季節はずれのインテルメッツォ(続)

音楽、文学、絵画、スポーツ、シェパード等々についての雑記帖。

青山二郎

2009年07月02日 | 骨董、器
昨年、いや一昨年になるのか、世田谷美術館で青山二郎展が開催された。会場は空いていて落ち着いて見ることができるのがありがたかった。青山二郎とは、と書いてみてはたと困る。展覧会というからには何かが展示されたのである。

展示されたものは、彼が収集した焼き物だ。しかし、その道の人だと紹介できない、不思議な人なのだ。絵も描いた。本の装丁もたくさん手掛けた。それらはどれも実に独特な、正確さと美しさを併せ持つものだ。それにも係らず、すべてが余技であった人。

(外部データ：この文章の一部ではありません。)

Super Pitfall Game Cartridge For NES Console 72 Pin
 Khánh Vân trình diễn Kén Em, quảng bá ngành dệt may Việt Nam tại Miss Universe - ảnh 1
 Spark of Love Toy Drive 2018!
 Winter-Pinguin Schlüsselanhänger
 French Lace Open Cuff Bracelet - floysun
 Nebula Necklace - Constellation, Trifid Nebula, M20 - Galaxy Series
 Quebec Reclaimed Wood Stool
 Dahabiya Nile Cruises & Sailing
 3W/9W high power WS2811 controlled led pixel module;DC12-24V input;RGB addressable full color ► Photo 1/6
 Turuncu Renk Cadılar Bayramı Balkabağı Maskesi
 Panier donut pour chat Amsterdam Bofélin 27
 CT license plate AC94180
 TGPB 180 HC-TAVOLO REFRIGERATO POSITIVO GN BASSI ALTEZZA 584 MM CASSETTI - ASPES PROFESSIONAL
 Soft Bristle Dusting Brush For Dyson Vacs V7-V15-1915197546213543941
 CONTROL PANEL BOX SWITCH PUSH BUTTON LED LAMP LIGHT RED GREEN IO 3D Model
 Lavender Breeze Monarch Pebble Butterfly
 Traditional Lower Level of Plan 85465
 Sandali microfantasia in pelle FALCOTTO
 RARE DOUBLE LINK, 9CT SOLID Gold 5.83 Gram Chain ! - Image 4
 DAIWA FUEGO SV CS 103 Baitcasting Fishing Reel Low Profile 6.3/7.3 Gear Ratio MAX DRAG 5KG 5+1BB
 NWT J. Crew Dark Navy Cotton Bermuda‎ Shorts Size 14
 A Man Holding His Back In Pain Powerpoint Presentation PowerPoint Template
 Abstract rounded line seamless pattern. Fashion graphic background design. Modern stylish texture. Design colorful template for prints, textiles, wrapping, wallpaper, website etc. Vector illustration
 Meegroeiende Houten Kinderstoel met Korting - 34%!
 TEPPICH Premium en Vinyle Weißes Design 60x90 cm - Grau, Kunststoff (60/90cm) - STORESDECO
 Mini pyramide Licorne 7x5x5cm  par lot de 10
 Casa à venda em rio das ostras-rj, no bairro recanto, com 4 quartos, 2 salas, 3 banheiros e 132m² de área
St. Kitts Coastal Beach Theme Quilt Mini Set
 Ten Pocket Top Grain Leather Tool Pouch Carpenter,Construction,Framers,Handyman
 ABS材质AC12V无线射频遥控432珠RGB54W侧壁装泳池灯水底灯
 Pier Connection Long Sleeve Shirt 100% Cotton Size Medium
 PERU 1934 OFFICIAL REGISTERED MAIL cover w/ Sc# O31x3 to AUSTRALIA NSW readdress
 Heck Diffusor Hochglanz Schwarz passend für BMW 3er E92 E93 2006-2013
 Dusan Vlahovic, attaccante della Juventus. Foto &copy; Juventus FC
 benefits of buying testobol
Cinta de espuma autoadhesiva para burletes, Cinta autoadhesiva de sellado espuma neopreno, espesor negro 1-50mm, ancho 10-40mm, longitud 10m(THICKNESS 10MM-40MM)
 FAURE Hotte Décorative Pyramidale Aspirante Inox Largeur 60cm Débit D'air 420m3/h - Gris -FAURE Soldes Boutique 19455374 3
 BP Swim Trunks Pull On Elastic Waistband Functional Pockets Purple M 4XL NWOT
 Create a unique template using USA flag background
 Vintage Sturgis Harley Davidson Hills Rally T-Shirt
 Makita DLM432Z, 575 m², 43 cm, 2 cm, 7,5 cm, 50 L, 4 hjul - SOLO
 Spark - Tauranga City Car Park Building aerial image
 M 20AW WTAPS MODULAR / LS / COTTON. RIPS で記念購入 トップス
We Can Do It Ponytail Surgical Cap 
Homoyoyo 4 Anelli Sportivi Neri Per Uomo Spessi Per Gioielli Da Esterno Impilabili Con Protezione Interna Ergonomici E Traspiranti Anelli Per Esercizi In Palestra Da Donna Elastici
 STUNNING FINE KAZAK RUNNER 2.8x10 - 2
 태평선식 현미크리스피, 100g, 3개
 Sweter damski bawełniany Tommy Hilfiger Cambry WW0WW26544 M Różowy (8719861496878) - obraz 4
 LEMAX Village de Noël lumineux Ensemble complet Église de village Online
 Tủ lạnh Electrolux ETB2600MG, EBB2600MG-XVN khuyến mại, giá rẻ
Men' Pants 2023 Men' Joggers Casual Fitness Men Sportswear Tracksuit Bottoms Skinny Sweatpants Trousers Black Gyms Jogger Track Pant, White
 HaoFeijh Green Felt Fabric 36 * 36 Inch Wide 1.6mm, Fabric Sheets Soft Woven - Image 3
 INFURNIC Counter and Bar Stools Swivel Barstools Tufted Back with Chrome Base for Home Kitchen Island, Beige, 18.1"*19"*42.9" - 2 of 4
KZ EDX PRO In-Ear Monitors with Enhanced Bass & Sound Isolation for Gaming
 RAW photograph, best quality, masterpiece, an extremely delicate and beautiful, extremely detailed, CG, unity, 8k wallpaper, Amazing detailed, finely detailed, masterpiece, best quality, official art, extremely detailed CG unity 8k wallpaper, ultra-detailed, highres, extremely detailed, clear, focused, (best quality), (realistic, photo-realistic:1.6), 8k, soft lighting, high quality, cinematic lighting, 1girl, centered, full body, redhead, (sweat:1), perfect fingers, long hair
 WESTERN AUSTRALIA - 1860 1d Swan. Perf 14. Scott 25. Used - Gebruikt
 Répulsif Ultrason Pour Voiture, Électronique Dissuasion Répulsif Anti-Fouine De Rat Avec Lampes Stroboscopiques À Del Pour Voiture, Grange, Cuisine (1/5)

知る人ぞ知る、天才、奇人である。知らない人のために少しだけ紹介しよう。実は展覧会を見た後すぐに書いておこうと思ったのだが、どうにも書きようがなくてずるずると引き延ばしてきたのだ。彼には「陶経」という本があるけれど、難解で、それをブログで書く気には到底なれず、とはいっても紹介したい、というのが本当のところなのだ。

青山二郎という人は、小林秀雄さんの周りの文士たちと深い交流のあった人である。深い交流というよりも、大きな影響を与えた人というべきだろうか。

僕は昔小林さんの全集で知り、ついで河上徹太郎さんの書くもので知り、宇野千代さんの「青山二郎」白洲正子さんの「いまなぜ青山二郎なのか」など、目に入るものを次々に読んできた。

ここに載せた写真は骨董屋における小林さんと青山さんの姿だ。若いころ見て、近づき難い迫力を感じた。最近は「トンボの本」で青山二郎特集があって、若いころの風貌に接することもできる。それをネットで探して載せようと思ったがなかなか見つからなかったので、気になる人は本屋で立ち読みして見てください。いや、できたら購入することを勧める。僕は人を顔で判断することが多い。ここで見られる若い青山二郎の顔には圧倒される。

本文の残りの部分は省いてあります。